O Auditório do Campus Tecnológico e Nuclear (CTN) do Instituto Superior Técnico, em Loures, foi palco da exibição do documentário “Energia Nuclear Já!” do realizador e cineasta Oliver Stone, seguida de uma mesa redonda que debateu a importância da energia nuclear no combate às alterações climáticas e à crise energética. A sessão foi promovida no dia 27 de março e contou com 140 participantes.
Propondo-se a desmistificar preconceitos quanto a segurança, o documentário defende a adoção da energia nuclear como uma solução eficiente para combater a crise climática e garantir um futuro sustentável, invocando que esta pode contribuir significativamente para apoiar a descarbonização do setor energético global.
Será tudo isto rigoroso? Para responder a esta pergunta, após a exibição seguiu-se um debate moderado por Marta Almeida, vice-presidente do Técnico para a gestão do CTN e investigadora do Centro de Ciências e Tecnologias Nucleares (C2TN), que reuniu investigadores da Escola dedicados a esta área científica.
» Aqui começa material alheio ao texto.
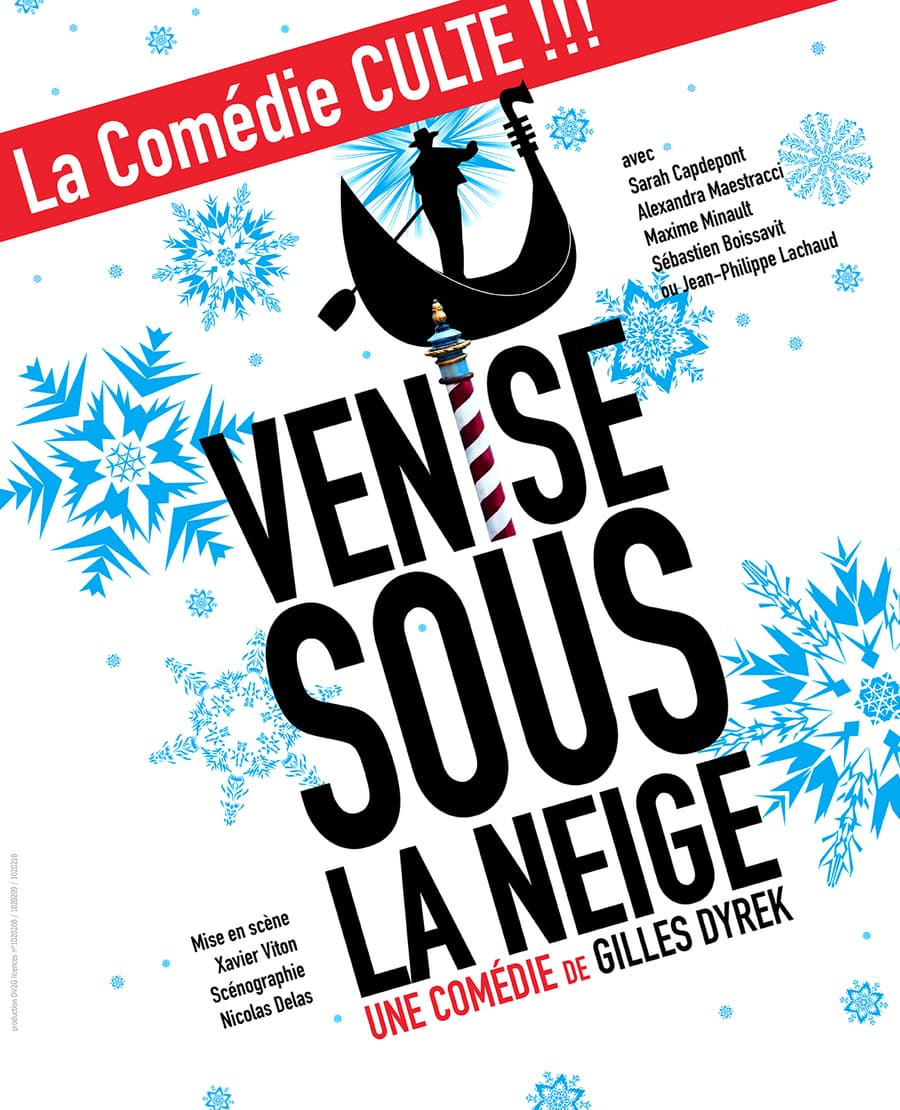 Venise sous la neige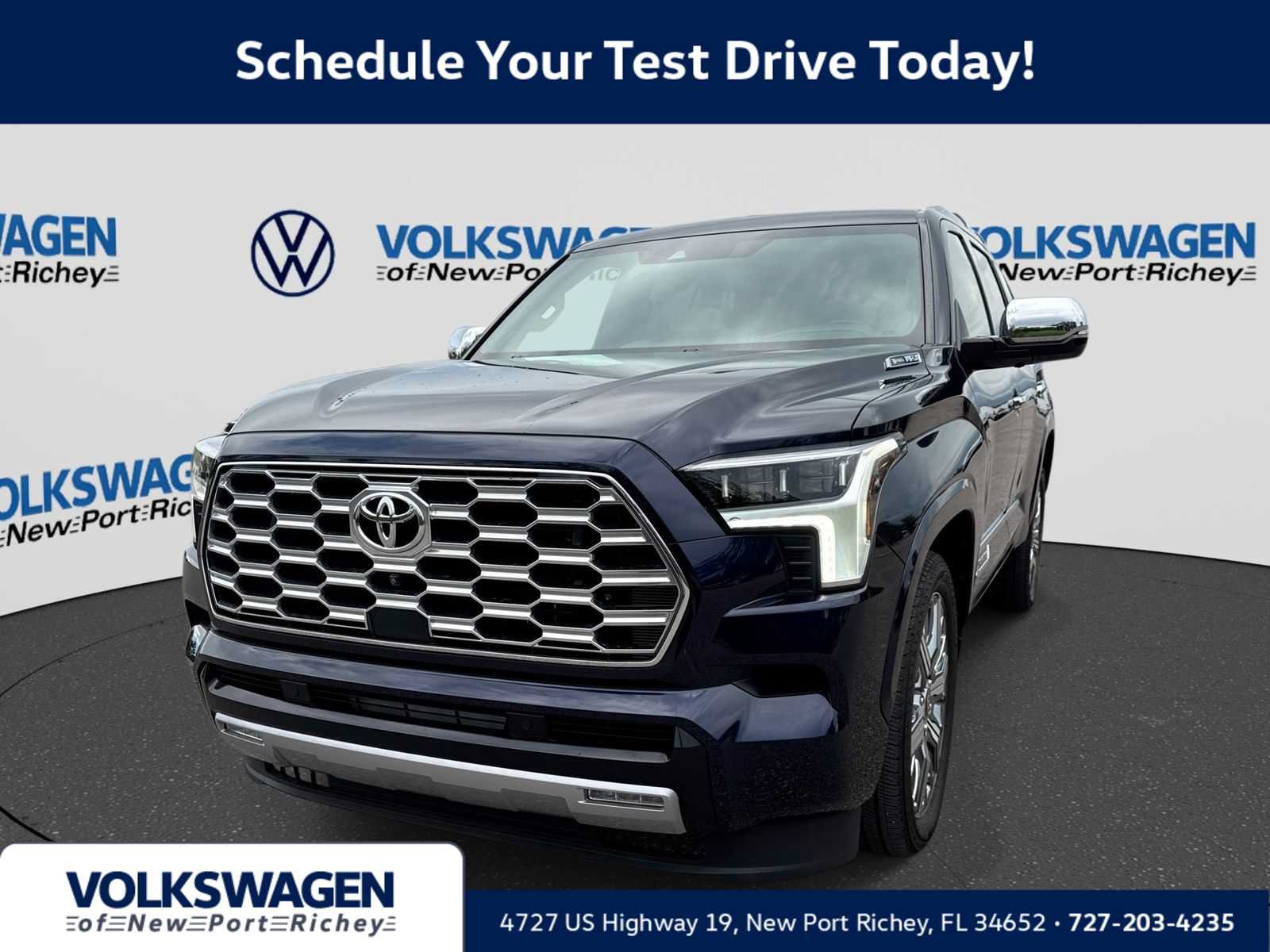 Used 2025 Toyota Sequoia Capstone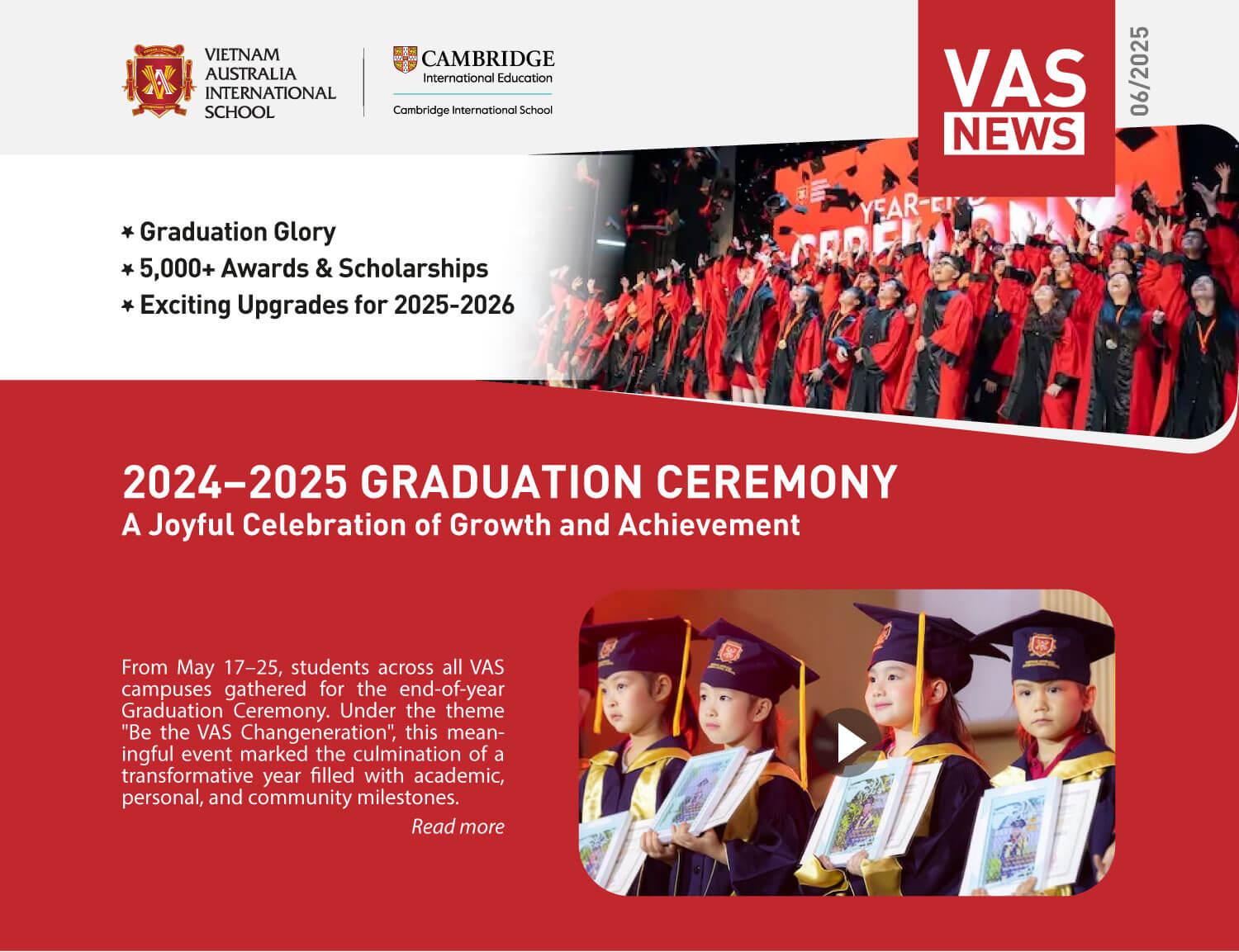 VAS E-NEWSLETTER JUNE/2025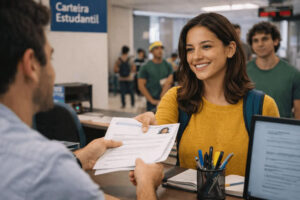 CIE Brasil Carteira de Estudante DAE Estudantil União dos Estudantes Meia Entrada ciebrasil.com.br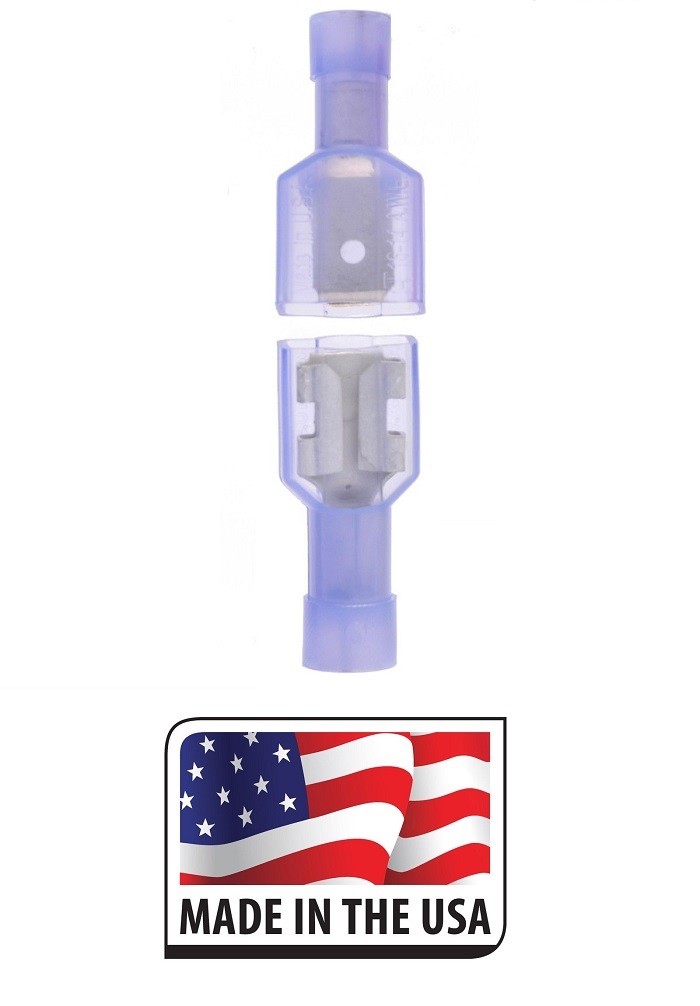 MotoMaster 22-18 AWG Male/Female Bullet Connector, Bulk Pack, .157-in, 50-pk | Canadian Tire - Foto 3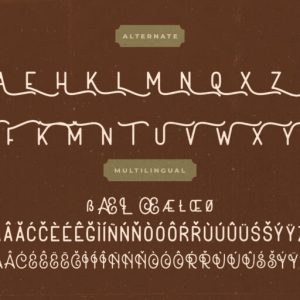 Jabottabeck Vintage Monoline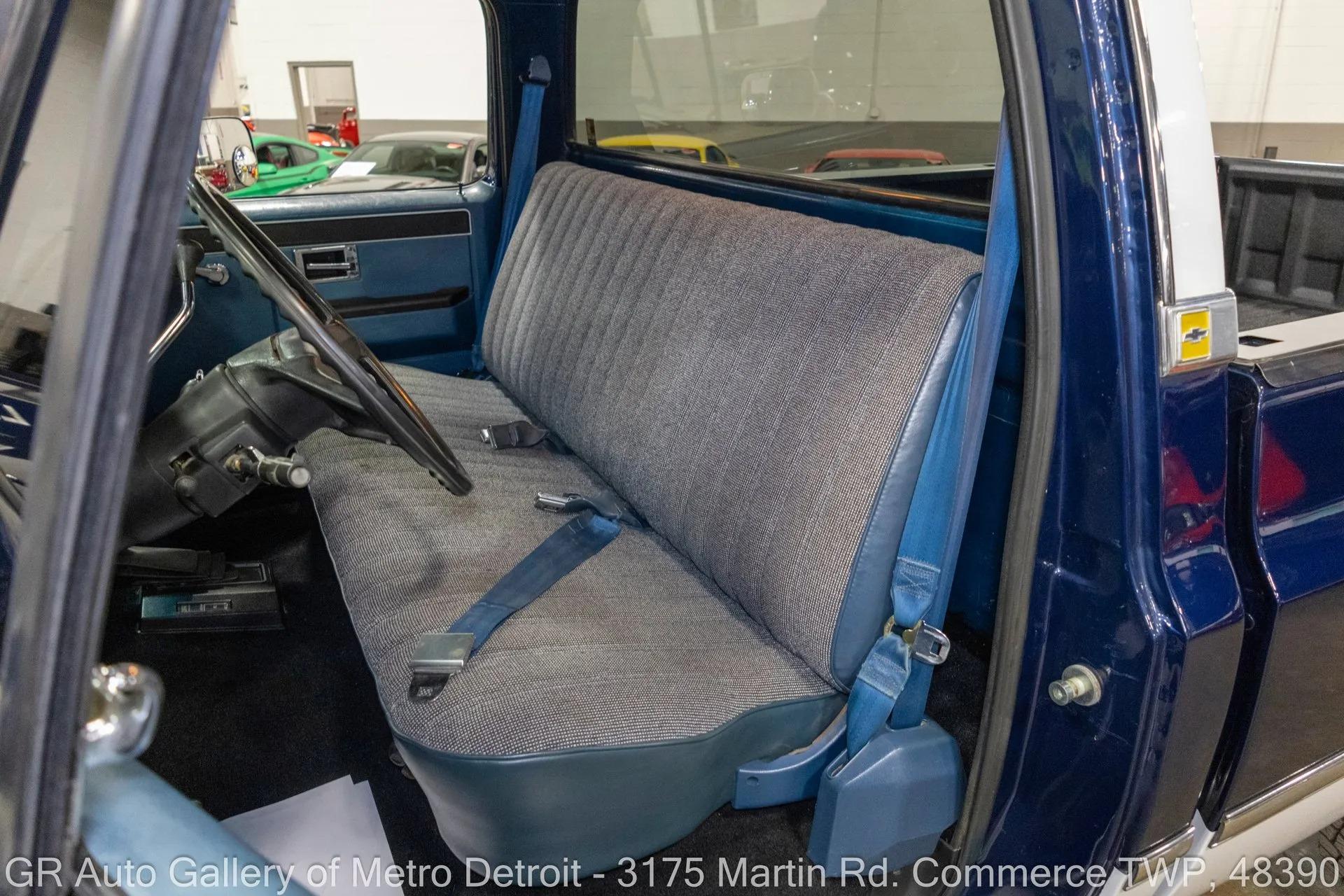 1986 Chevrolet K10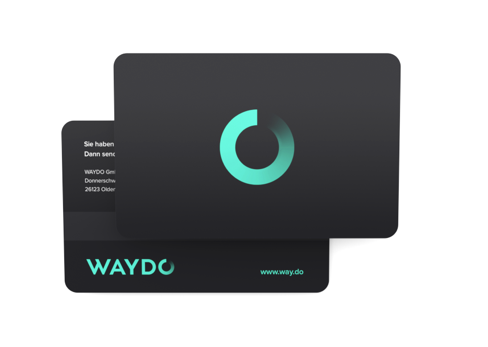 Logo van Waydo laadpas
Foram abordados os avanços da energia nuclear, incluindo a fusão nuclear, os desafios relacionados com os resíduos nucleares e o papel da energia nuclear na transição energética, em especial no contexto português.
Bruno Gonçalves, investigador e presidente do Instituto de Plasmas e Fusão Nuclear (IPFN), centro de investigação associado à Escola, enfatizou que, mais do que convencer as pessoas, é necessário abrir as suas mentes para a compreensão de que a energia nuclear é uma alternativa válida e eficaz para enfrentar a crise climática. “Tem uma pegada de carbono extremamente baixa quando analisado o ciclo de vida de todas as fontes de energia – até a energia solar e a eólica exigem grandes quantidades de materiais, resultando em impactos ambientais consideráveis”, explicou o investigador.
José Marques, docente do Técnico e diretor-adjunto do Laboratório de Engenharia Nuclear do CTN, considerou que o documentário simplifica excessivamente a questão, comparando-o a um “conto de fadas” que não aborda de maneira profunda os complexos desafios relacionados com a energia nuclear, como a segurança e a gestão de resíduos. Para além disso, considerou que “não basta reduzir as emissões de CO2 para resolver as alterações climáticas”, criticando a visão excessivamente otimista do filme.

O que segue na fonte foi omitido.